Applications For HMO Licences: Requirements And Procedure (Schedule 2, Section 8.) Content Of Application 1.—(1) An application for an HMO licence must be in writing and in such form as the council may specify by general notice.

(2) The application must include the following information— (a) the address of the living accommodation in question, (b) if the owner is an individual, the owner’s name and address, (c) if the owner is a body, the information set out in sub-paragraph (3), (d) if there is to be a managing agent of the HMO— (i) if the agent is an individual, the agent’s name and address, or (ii) if the agent is a body, the information set out in sub-paragraph (3), (e) the name and address of any person (other than the owner) who has a relevant interest in the HMO (see sub-paragraph (4)), (f) the maximum number of persons who it is proposed will occupy the accommodation as their only or main residence at any one time, (g) any other information which the Department may by regulations require to

be set out in such applications, and (h) any other information which the council may specify by general notice.

(3) The information referred to in sub-paragraph (2)(c) and (d)(ii) is— (a) the name of the body, (b) the address of its main office or place of business, (c) the name and address of each of its directors or partners, or other persons involved in its management.

Publication Of Application (Schedule 2, Section 8.) Applicant to display notice of application 2.—(1) A person who makes an HMO application must cause notice of the application to be displayed, on or near to the HMO in question, in such a manner that the notice can be conveniently read by members of the public.

Exceptions from requirement to display notice 3.—(3) The second condition is that complying with paragraph 2(1) to (3) is likely to jeopardise— (a) the safety or welfare of any persons, or (b) the security of any premises.

RICS would urge that further consideration is given to the increased threat to personal security of a publicly accessible register and publically displayed application which may provide personal details of both landlord and managing agent. RICS would seek that while personal information (address etc.) would be provided to the local authority it would not be on an openly public database/display. Additionally administrative consideration should also be given to any objections to proposals for an HMO to be directed to the appropriate statutory body, rather than direct to the applicant to ensure a streamlined application process.

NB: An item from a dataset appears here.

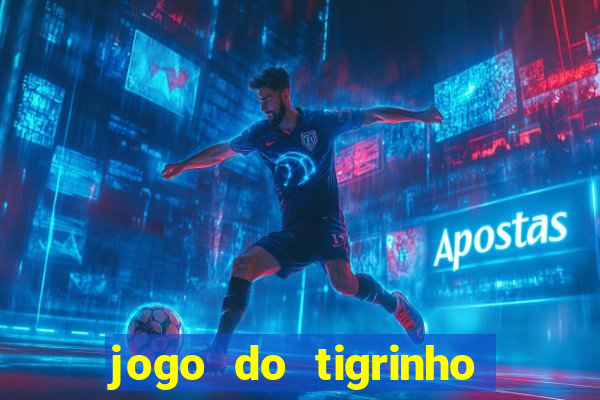 jogo do tigrinho ta pagando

14. In regard to clauses (Part 2) 28: Change of ownership: effect on licence and 29: Death of sole licence holder: effect on licence, RICS would have concern that the proposal for the license to

cease to have effect on the date of transfer may be unfeasible in practice. During market transactions, a purchaser will require some certainty of continuity of the HMO status. RICS would suggest that that the proposal requires the new owner to provide his/her details within 14 days of the date of transfer and the certificate amended accordingly if found to be satisfactory. This maintains the license and status of the HMO, including the original renewal date and timeline of checks to be carried out.

15. In regard to the clause specified below –

Extension of temporary exemption notice (Pt.2) 16.- (3) Only one such extension may be granted.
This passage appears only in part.